Does justice have a place in Hobbes's theory of the social contract from Leviathan?Does justice have a place in Hobbes's theory of the social contract from Leviathan?
Hobbes does address the idea of justice when speaking about Natural Law, however, justice enters only at a tertiary level. The primary components of Natural Law allow for neither justice nor injustice as every individual is said to be in a warring state with every other individual for full possession of goods and full dominance of territory. Hobbes says that primary passion and reason combine to compel individuals to seek a pleasant life (passion) and peace as know from "the laws of nature" (reason), thus driving him to seek contracts for secondary civility and escape from warring. Justice enters at the tertiary level as these contracts require enforcing through the offices of an agreed upon governing power.
The first law of nature, according to Hobbes, is thus to seek peace.
The second law of nature is thus to seek contracts of peaceful accord.
The third law of nature is then to honor and keep the contracts by governing against the injustice of violating contracts and encouraging the justice of keeping contracts.
I would argue that justice does have a place in Hobbes's theory of the social contract. Of course, much of Hobbes's theory is driven less by issues of justice than by a simple desire for self preservation, but justice does play a part in Hobbes's vision of a social contract.
Hobbes argues in part that all of the laws of nature can be boiled down to one law. That law says that people should not do to others that which they do not want done to them. This certainly seems like a law that is motivated, at least in part, by a desire for justice.
Of course, one can argue that this law comes only from self-interest, but I would argue that it shows a concern for justice as well.
I agree with the first post that justice does exist under Hobbe's system of government; but it is something of a de facto form of justice. Hobbes theorized that each person gives up certain rights to preserve the greater good; that is to prevent the "war of all against all." If a person refuses to abide by the rules of society, then he is liable to punishment to prevent the society from collapsing. All societies must have some form of enforcement; and that enforcement normally is denominated "justice," although those who are subject to its penalties might feel otherwise.

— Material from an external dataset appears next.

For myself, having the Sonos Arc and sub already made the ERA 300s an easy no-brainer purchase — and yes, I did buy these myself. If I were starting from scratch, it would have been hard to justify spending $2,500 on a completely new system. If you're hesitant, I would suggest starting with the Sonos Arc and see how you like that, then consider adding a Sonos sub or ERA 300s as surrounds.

Yes, even though justice as a concept is not necessarily directly addressed in this work, it is clear that the whole concept of a social contract necessitates some reference to justice in the way that we behave as we ourselves would want others to treat us to avoid the justice of having others treat us in a bad way, because if we treat others badly, they will only respond in the same way. Of course, we can see the origins of this theory emerging from Jesus' teaching in the New Testament.